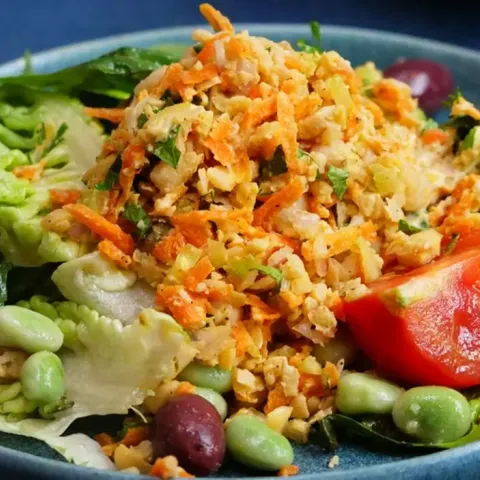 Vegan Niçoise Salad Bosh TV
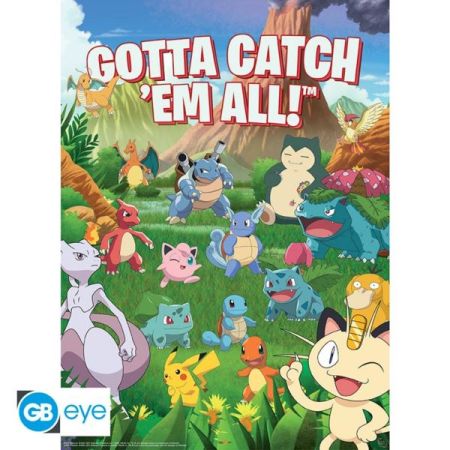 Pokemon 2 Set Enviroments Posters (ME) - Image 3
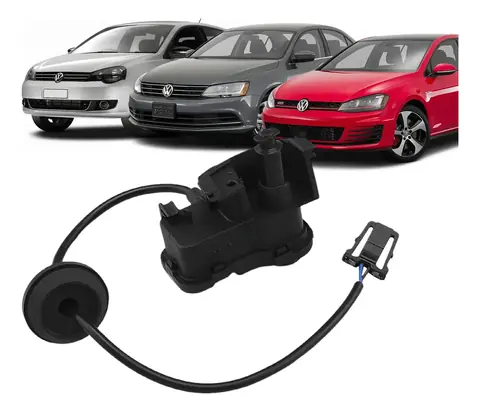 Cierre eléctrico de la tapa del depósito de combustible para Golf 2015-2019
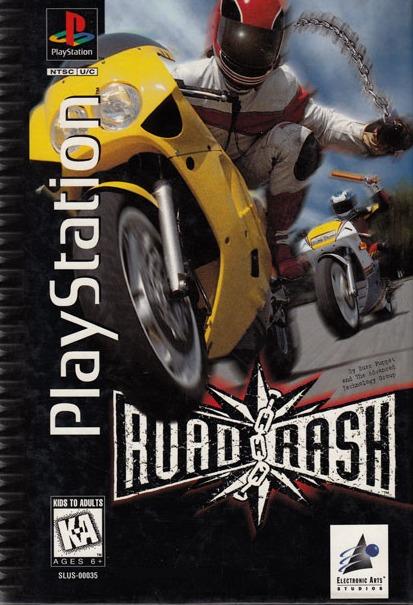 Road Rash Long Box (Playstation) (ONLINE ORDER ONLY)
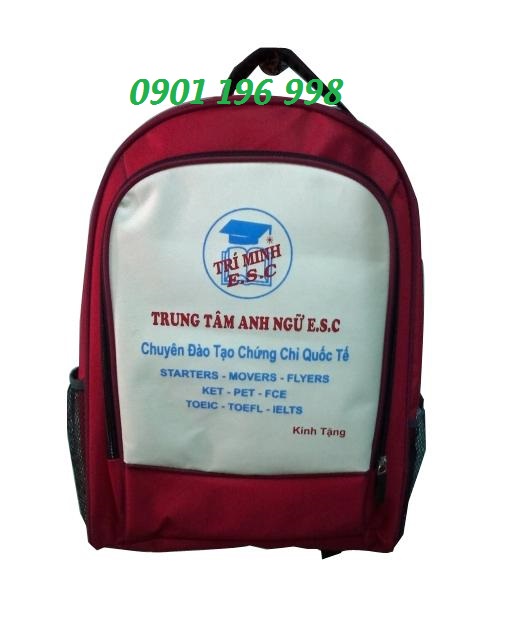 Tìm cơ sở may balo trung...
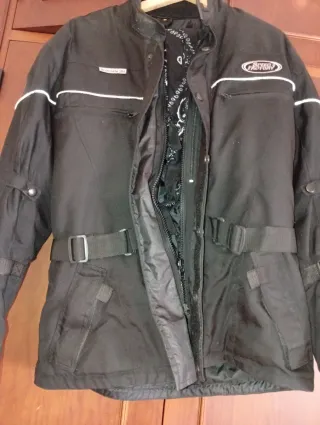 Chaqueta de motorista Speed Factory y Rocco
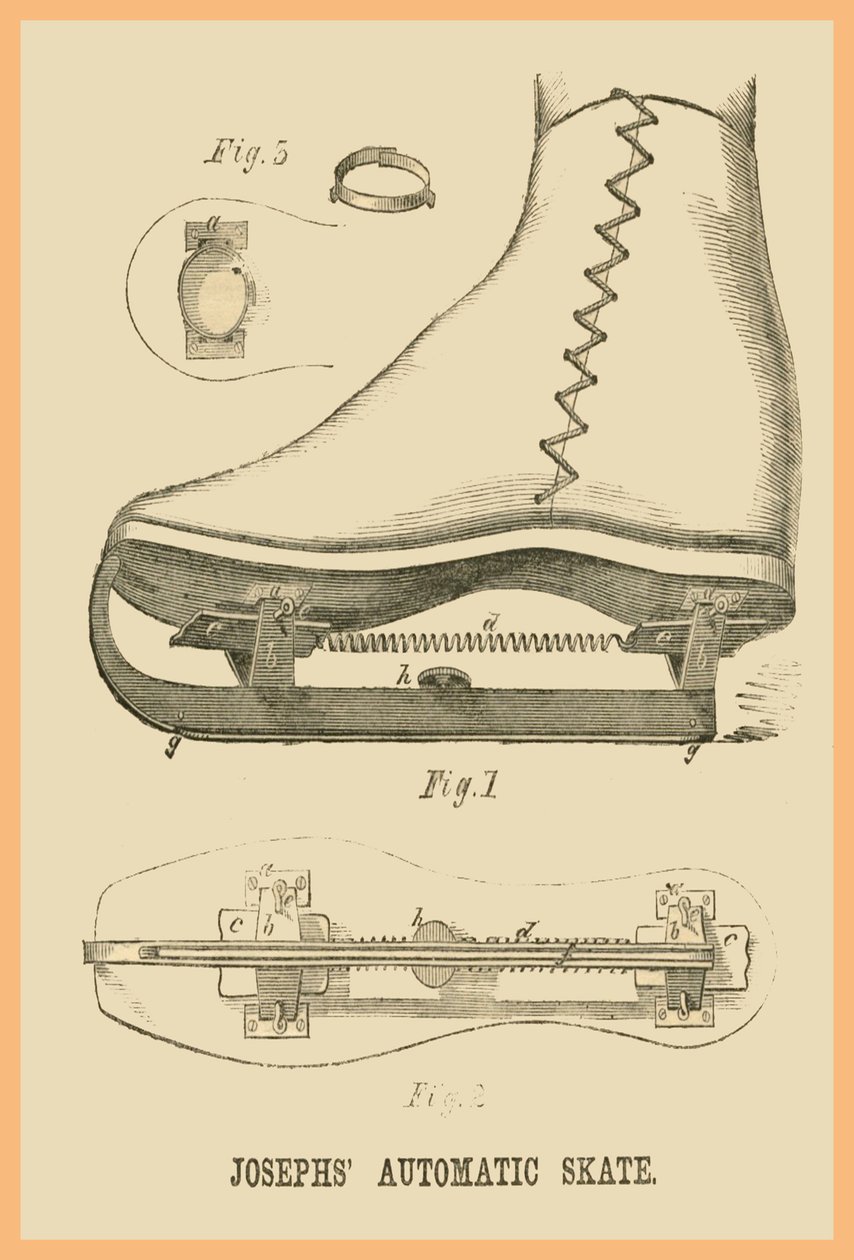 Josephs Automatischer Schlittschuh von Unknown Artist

### Your assignment
Word for word, restate only the lines from the one bearing "Chaqueta de motorista Speed Factory y Rocco" through the final line of the listing, inclusive, with no pictures.

### Response
 Chaqueta de motorista Speed Factory y Rocco
 Josephs Automatischer Schlittschuh von Unknown Artist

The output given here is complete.